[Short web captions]
☆ ☆ ☆

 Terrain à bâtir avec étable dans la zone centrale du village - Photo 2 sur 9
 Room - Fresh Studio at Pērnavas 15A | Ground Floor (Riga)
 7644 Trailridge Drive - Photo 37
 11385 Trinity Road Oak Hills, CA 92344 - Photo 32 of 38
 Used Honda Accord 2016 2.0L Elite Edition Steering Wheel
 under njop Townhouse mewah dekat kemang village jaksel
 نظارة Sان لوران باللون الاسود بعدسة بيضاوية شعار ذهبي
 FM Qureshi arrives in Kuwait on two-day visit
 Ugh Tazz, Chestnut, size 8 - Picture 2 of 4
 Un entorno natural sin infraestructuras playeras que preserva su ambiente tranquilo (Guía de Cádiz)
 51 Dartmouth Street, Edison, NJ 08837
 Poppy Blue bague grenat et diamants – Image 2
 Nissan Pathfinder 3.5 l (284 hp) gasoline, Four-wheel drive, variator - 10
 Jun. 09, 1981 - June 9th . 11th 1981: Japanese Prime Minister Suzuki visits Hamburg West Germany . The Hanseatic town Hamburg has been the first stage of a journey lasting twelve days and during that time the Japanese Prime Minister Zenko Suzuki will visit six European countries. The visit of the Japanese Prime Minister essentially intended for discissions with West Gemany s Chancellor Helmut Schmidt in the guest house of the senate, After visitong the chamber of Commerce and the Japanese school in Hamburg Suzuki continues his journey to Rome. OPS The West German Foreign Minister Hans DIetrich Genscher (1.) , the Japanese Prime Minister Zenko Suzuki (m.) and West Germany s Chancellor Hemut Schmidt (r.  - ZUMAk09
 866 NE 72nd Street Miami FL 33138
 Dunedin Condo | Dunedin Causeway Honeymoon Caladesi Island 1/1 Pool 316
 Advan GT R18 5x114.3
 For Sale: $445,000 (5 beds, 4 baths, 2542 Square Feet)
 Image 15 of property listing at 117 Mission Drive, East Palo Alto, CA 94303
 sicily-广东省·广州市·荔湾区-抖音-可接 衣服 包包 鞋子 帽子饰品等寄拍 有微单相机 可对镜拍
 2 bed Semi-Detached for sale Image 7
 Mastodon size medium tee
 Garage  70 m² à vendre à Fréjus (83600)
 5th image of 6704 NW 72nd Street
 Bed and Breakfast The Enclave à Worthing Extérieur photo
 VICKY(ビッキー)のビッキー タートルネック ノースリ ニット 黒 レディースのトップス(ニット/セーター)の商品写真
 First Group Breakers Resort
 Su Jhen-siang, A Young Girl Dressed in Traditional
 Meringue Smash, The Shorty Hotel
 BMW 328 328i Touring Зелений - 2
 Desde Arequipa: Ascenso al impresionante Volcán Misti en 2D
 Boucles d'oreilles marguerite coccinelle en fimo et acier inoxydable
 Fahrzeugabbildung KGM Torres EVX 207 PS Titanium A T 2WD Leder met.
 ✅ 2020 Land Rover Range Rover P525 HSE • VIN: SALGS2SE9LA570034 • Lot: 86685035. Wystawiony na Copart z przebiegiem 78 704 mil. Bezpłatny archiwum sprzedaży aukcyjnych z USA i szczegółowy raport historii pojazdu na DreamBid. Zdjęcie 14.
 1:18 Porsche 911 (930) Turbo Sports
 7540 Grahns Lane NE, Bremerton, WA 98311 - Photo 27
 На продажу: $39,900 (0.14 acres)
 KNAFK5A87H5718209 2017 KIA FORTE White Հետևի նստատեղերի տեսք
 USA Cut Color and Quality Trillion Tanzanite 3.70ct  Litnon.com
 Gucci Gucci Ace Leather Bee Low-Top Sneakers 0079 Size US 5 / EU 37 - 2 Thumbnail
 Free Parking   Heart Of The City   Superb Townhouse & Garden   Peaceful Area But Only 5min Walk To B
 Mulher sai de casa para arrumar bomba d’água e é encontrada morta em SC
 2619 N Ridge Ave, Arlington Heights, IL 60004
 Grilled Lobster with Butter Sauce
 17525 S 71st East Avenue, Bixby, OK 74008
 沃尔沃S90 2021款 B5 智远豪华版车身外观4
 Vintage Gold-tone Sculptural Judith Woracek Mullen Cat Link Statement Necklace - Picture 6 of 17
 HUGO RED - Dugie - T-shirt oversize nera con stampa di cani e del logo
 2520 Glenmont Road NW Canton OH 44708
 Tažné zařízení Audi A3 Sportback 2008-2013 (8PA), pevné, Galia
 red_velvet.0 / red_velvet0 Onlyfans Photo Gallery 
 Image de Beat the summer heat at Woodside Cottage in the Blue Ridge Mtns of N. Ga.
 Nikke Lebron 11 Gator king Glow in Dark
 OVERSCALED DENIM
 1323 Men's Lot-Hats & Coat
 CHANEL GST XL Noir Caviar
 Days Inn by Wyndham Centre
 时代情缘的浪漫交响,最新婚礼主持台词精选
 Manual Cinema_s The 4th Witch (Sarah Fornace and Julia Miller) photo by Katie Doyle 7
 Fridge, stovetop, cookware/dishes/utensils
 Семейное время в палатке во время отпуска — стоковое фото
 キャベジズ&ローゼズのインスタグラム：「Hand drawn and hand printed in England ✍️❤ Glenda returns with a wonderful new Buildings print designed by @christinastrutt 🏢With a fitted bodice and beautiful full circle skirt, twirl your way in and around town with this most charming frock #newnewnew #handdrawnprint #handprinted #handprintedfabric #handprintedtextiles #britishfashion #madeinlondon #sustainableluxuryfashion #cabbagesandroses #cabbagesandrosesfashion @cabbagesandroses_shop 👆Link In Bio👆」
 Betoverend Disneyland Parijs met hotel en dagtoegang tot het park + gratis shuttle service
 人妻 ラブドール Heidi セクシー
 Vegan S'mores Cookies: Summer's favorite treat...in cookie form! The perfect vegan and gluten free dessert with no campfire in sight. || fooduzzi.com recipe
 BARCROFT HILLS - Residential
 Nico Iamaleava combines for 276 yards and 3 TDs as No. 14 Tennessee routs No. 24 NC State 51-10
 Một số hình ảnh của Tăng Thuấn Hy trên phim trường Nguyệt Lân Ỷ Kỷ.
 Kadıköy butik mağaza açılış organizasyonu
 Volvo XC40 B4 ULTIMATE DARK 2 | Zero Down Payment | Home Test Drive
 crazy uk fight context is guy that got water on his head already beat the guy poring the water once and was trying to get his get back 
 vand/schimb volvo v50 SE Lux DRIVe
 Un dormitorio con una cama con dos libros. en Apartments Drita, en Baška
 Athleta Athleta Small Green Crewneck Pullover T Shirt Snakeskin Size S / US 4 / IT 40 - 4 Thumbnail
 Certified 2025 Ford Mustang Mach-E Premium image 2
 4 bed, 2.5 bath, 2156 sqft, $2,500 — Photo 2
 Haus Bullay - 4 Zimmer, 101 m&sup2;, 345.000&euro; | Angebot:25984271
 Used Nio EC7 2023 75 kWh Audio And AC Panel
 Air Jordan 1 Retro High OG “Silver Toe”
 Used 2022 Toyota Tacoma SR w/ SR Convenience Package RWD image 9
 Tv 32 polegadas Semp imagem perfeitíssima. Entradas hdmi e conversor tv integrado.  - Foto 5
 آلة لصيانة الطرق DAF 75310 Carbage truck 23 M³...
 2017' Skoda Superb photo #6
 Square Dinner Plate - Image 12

☆ ☆ ☆

§ About this exercise: Exactly as written, transcribe each line of the data.

§ Solution to this problem:
 Terrain à bâtir avec étable dans la zone centrale du village - Photo 2 sur 9
 Room - Fresh Studio at Pērnavas 15A | Ground Floor (Riga)
 7644 Trailridge Drive - Photo 37
 11385 Trinity Road Oak Hills, CA 92344 - Photo 32 of 38
 Used Honda Accord 2016 2.0L Elite Edition Steering Wheel
 under njop Townhouse mewah dekat kemang village jaksel
 نظارة Sان لوران باللون الاسود بعدسة بيضاوية شعار ذهبي
 FM Qureshi arrives in Kuwait on two-day visit
 Ugh Tazz, Chestnut, size 8 - Picture 2 of 4
 Un entorno natural sin infraestructuras playeras que preserva su ambiente tranquilo (Guía de Cádiz)
 51 Dartmouth Street, Edison, NJ 08837
 Poppy Blue bague grenat et diamants – Image 2
 Nissan Pathfinder 3.5 l (284 hp) gasoline, Four-wheel drive, variator - 10
 Jun. 09, 1981 - June 9th . 11th 1981: Japanese Prime Minister Suzuki visits Hamburg West Germany . The Hanseatic town Hamburg has been the first stage of a journey lasting twelve days and during that time the Japanese Prime Minister Zenko Suzuki will visit six European countries. The visit of the Japanese Prime Minister essentially intended for discissions with West Gemany s Chancellor Helmut Schmidt in the guest house of the senate, After visitong the chamber of Commerce and the Japanese school in Hamburg Suzuki continues his journey to Rome. OPS The West German Foreign Minister Hans DIetrich Genscher (1.) , the Japanese Prime Minister Zenko Suzuki (m.) and West Germany s Chancellor Hemut Schmidt (r.  - ZUMAk09
 866 NE 72nd Street Miami FL 33138
 Dunedin Condo | Dunedin Causeway Honeymoon Caladesi Island 1/1 Pool 316
 Advan GT R18 5x114.3
 For Sale: $445,000 (5 beds, 4 baths, 2542 Square Feet)
 Image 15 of property listing at 117 Mission Drive, East Palo Alto, CA 94303
 sicily-广东省·广州市·荔湾区-抖音-可接 衣服 包包 鞋子 帽子饰品等寄拍 有微单相机 可对镜拍
 2 bed Semi-Detached for sale Image 7
 Mastodon size medium tee
 Garage  70 m² à vendre à Fréjus (83600)
 5th image of 6704 NW 72nd Street
 Bed and Breakfast The Enclave à Worthing Extérieur photo
 VICKY(ビッキー)のビッキー タートルネック ノースリ ニット 黒 レディースのトップス(ニット/セーター)の商品写真
 First Group Breakers Resort
 Su Jhen-siang, A Young Girl Dressed in Traditional
 Meringue Smash, The Shorty Hotel
 BMW 328 328i Touring Зелений - 2
 Desde Arequipa: Ascenso al impresionante Volcán Misti en 2D
 Boucles d'oreilles marguerite coccinelle en fimo et acier inoxydable
 Fahrzeugabbildung KGM Torres EVX 207 PS Titanium A T 2WD Leder met.
 ✅ 2020 Land Rover Range Rover P525 HSE • VIN: SALGS2SE9LA570034 • Lot: 86685035. Wystawiony na Copart z przebiegiem 78 704 mil. Bezpłatny archiwum sprzedaży aukcyjnych z USA i szczegółowy raport historii pojazdu na DreamBid. Zdjęcie 14.
 1:18 Porsche 911 (930) Turbo Sports
 7540 Grahns Lane NE, Bremerton, WA 98311 - Photo 27
 На продажу: $39,900 (0.14 acres)
 KNAFK5A87H5718209 2017 KIA FORTE White Հետևի նստատեղերի տեսք
 USA Cut Color and Quality Trillion Tanzanite 3.70ct  Litnon.com
 Gucci Gucci Ace Leather Bee Low-Top Sneakers 0079 Size US 5 / EU 37 - 2 Thumbnail
 Free Parking   Heart Of The City   Superb Townhouse & Garden   Peaceful Area But Only 5min Walk To B
 Mulher sai de casa para arrumar bomba d’água e é encontrada morta em SC
 2619 N Ridge Ave, Arlington Heights, IL 60004
 Grilled Lobster with Butter Sauce
 17525 S 71st East Avenue, Bixby, OK 74008
 沃尔沃S90 2021款 B5 智远豪华版车身外观4
 Vintage Gold-tone Sculptural Judith Woracek Mullen Cat Link Statement Necklace - Picture 6 of 17
 HUGO RED - Dugie - T-shirt oversize nera con stampa di cani e del logo
 2520 Glenmont Road NW Canton OH 44708
 Tažné zařízení Audi A3 Sportback 2008-2013 (8PA), pevné, Galia
 red_velvet.0 / red_velvet0 Onlyfans Photo Gallery 
 Image de Beat the summer heat at Woodside Cottage in the Blue Ridge Mtns of N. Ga.
 Nikke Lebron 11 Gator king Glow in Dark
 OVERSCALED DENIM
 1323 Men's Lot-Hats & Coat
 CHANEL GST XL Noir Caviar
 Days Inn by Wyndham Centre
 时代情缘的浪漫交响,最新婚礼主持台词精选
 Manual Cinema_s The 4th Witch (Sarah Fornace and Julia Miller) photo by Katie Doyle 7
 Fridge, stovetop, cookware/dishes/utensils
 Семейное время в палатке во время отпуска — стоковое фото
 キャベジズ&ローゼズのインスタグラム：「Hand drawn and hand printed in England ✍️❤ Glenda returns with a wonderful new Buildings print designed by @christinastrutt 🏢With a fitted bodice and beautiful full circle skirt, twirl your way in and around town with this most charming frock #newnewnew #handdrawnprint #handprinted #handprintedfabric #handprintedtextiles #britishfashion #madeinlondon #sustainableluxuryfashion #cabbagesandroses #cabbagesandrosesfashion @cabbagesandroses_shop 👆Link In Bio👆」
 Betoverend Disneyland Parijs met hotel en dagtoegang tot het park + gratis shuttle service
 人妻 ラブドール Heidi セクシー
 Vegan S'mores Cookies: Summer's favorite treat...in cookie form! The perfect vegan and gluten free dessert with no campfire in sight. || fooduzzi.com recipe
 BARCROFT HILLS - Residential
 Nico Iamaleava combines for 276 yards and 3 TDs as No. 14 Tennessee routs No. 24 NC State 51-10
 Một số hình ảnh của Tăng Thuấn Hy trên phim trường Nguyệt Lân Ỷ Kỷ.
 Kadıköy butik mağaza açılış organizasyonu
 Volvo XC40 B4 ULTIMATE DARK 2 | Zero Down Payment | Home Test Drive
 crazy uk fight context is guy that got water on his head already beat the guy poring the water once and was trying to get his get back 
 vand/schimb volvo v50 SE Lux DRIVe
 Un dormitorio con una cama con dos libros. en Apartments Drita, en Baška
 Athleta Athleta Small Green Crewneck Pullover T Shirt Snakeskin Size S / US 4 / IT 40 - 4 Thumbnail
 Certified 2025 Ford Mustang Mach-E Premium image 2
 4 bed, 2.5 bath, 2156 sqft, $2,500 — Photo 2
 Haus Bullay - 4 Zimmer, 101 m&sup2;, 345.000&euro; | Angebot:25984271
 Used Nio EC7 2023 75 kWh Audio And AC Panel
 Air Jordan 1 Retro High OG “Silver Toe”
 Used 2022 Toyota Tacoma SR w/ SR Convenience Package RWD image 9
 Tv 32 polegadas Semp imagem perfeitíssima. Entradas hdmi e conversor tv integrado.  - Foto 5
 آلة لصيانة الطرق DAF 75310 Carbage truck 23 M³...
 2017' Skoda Superb photo #6
 Square Dinner Plate - Image 12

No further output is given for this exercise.